The song was about love and I suppose we were all looking for love, as young as we were. And in my own starry-eyed way, dreaming and waiting for my prince to come, I could identify with some of the lyrics. And as I've discovered along the way, there are so many ways to love. There isn't only romantic love. Agape. Eros. Words that I discovered later. And I knew that one could also love one's family members but not always have the words to express how they feel. Or the words are cloaked in shyness. Or one could love one's father and yet hate him at the same time. Love and hate. How could they go together? Who knows but they did. For a while. Or what about loving and being loved by one's spouse? Love is a feeling but it is also a choice, a decision to love. Can one even speak about the miracle of love? Or can love bring about miracles?

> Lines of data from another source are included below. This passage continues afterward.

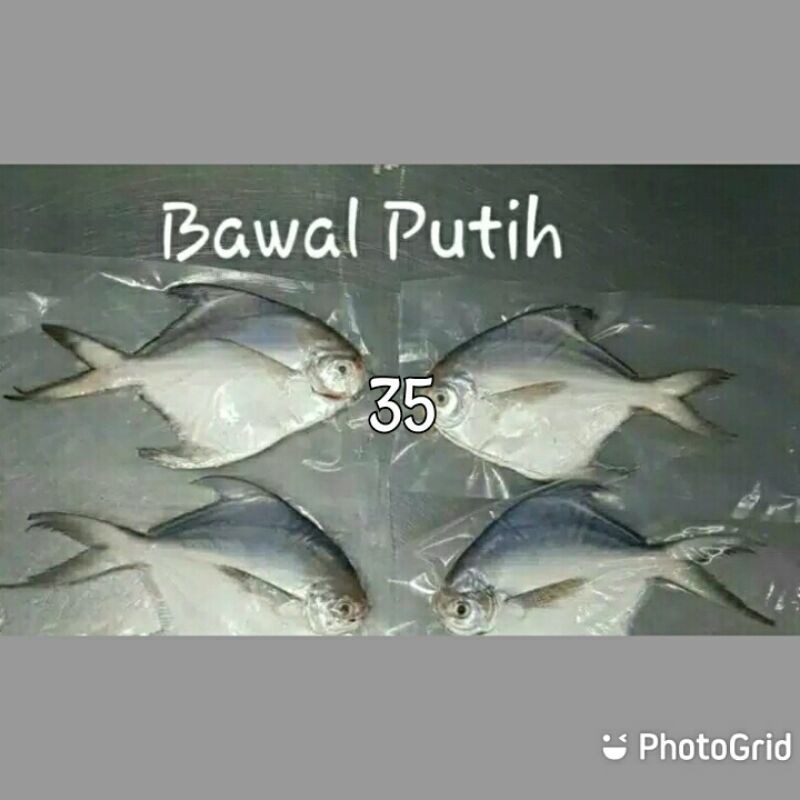 

Bawal Putih 350gr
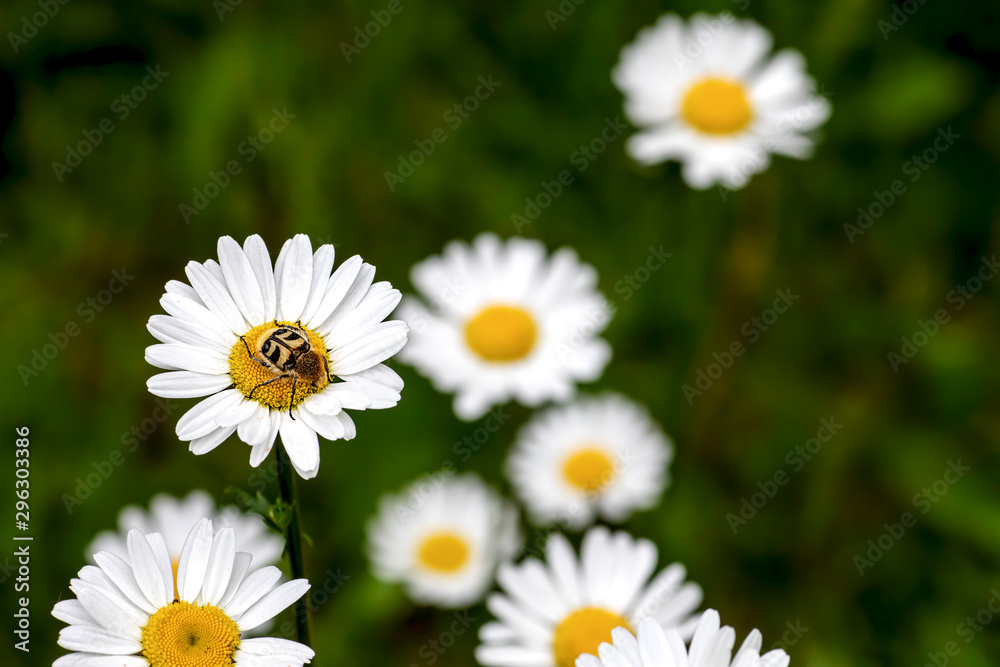 Fototapeta premium Trichius fasciatus is a beetle species belonging to the family Scarabaeidae, perching on a blossom of a daisy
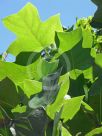 Liriodendron tulipifera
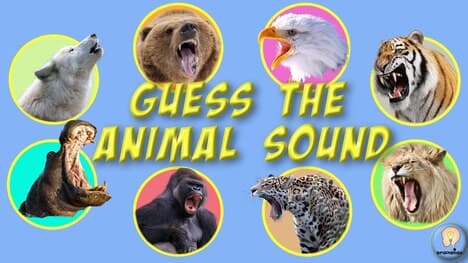 Guess the Animal Sound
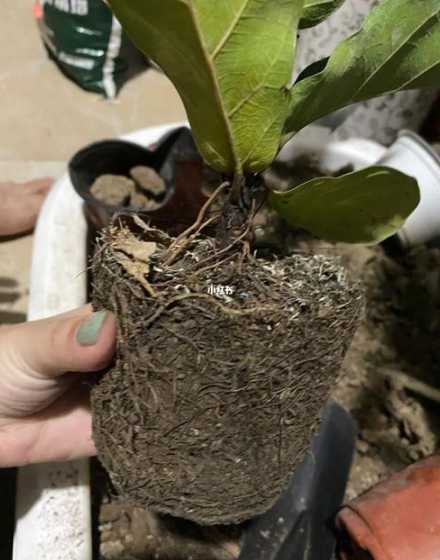 榕树树根腐烂怎么处理 高山榕树怎么换土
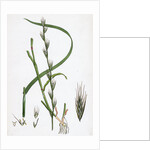 Lolium Temulentum Var. Genuinum Common Darnel Var. A. by Anonymous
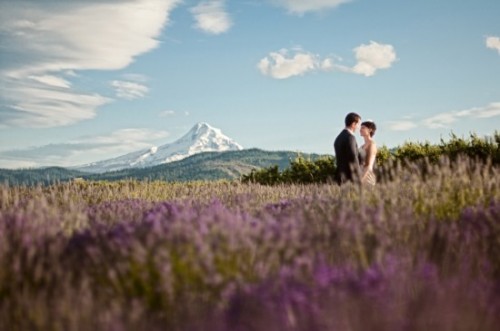 bride and groom in a lavender field under Mount Hood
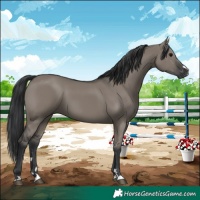 Horse Color:Grullo 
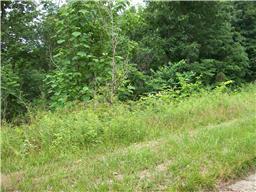 0 Parrish Hollow Road - Photo 1
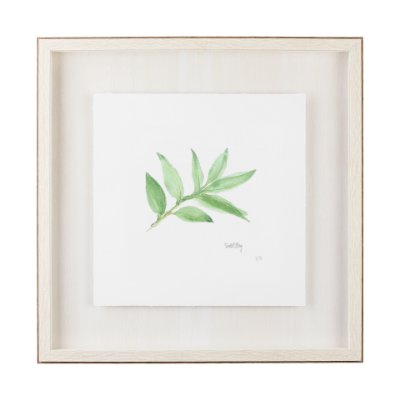 11341 - Sweet Bay v2 by Chris Paschke a Framed Art Print Matted under Glass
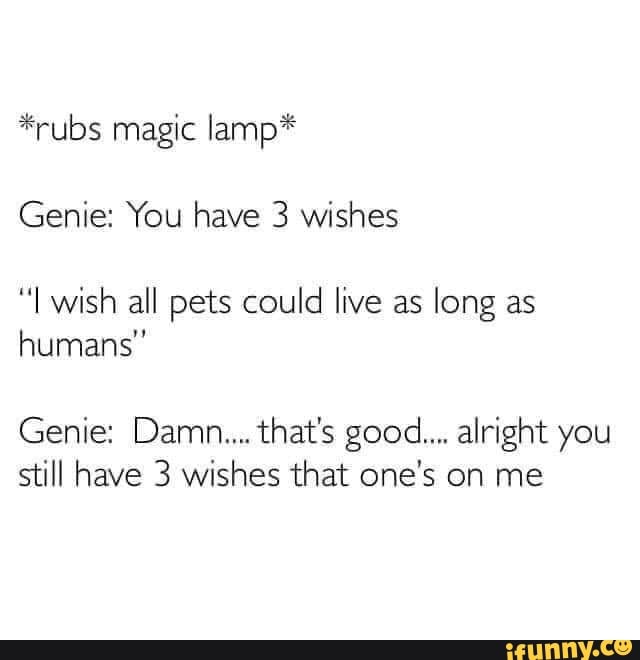 *rubs magic lamp*
Genie: You have 3 wishes
wish all pets could live as long as humans"
Genie: Damn... that's good... alright you still have 3 wishes that one's on me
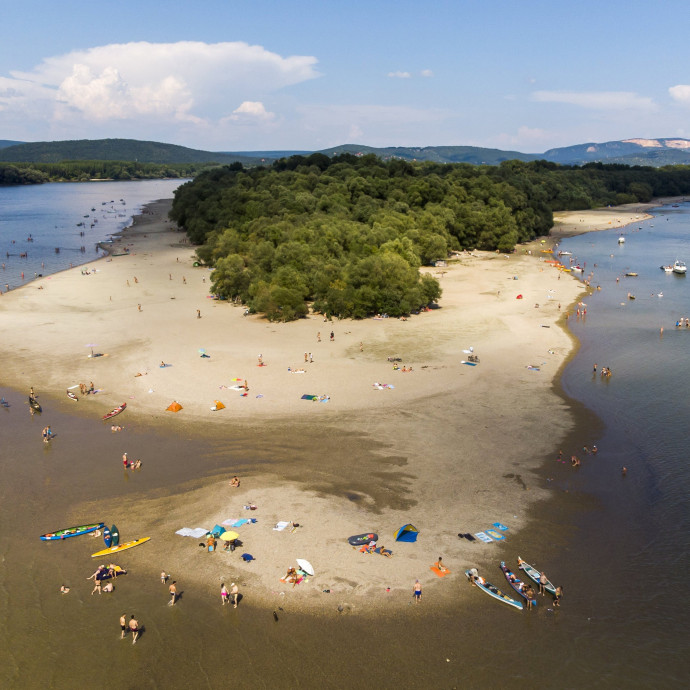 Mégsem aszfaltoznak a Szigetcsúcson, de az erdőt így is meg kell menteni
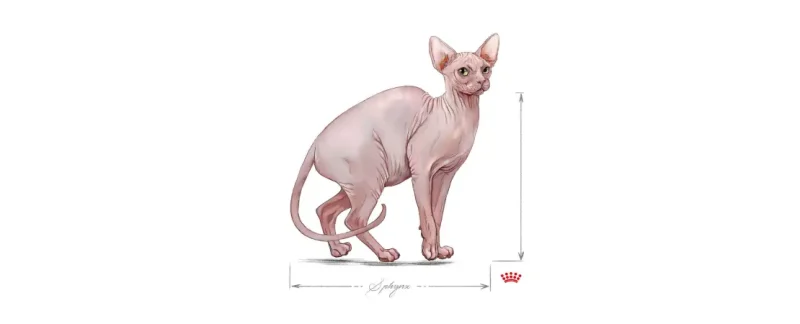 Raça de gato Sphynx: conheça as principais características do felino!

When I was in my twenties, I wrote a story and ended it with, "They had faith, hope and love. And the greatest of these is love." Of course those words were not mine. I wasn't being very original but I didn't care. I included those words because they were true. And it seemed an appropriate way to end the story.
Now I am an older woman and I still can't tread water to save my life. Excursions to the ocean are rare. So instead of being awed by the majesty of the waves pounding against the rocks or the breathtaking sunset, I am instead awed by God's creation around me as I sit surrounded by trees -- sentinels! -- and listen to the birds singing in the trees. And they are indeed singing and sometimes one feels compelled to sing along with them, wanting to add to the beauty of their song. But of course my whistling is nowhere as perfect and maybe I'm being intrusive so I might as well shut my mouth and just listen. The concert is free, after all. There is also a gaiety and, at the same time, serenity about it and no crowds to deal with. What more can one ask for?
I am far from my brothers. I am far from all things that were once familiar. And there are days when my heart aches for that. But at least I know that there is always love. Sometimes it is whispered, sometimes it is said out loud. Sometimes it's worded a little differently. And sometimes it's written down and never read by the one it was intended for.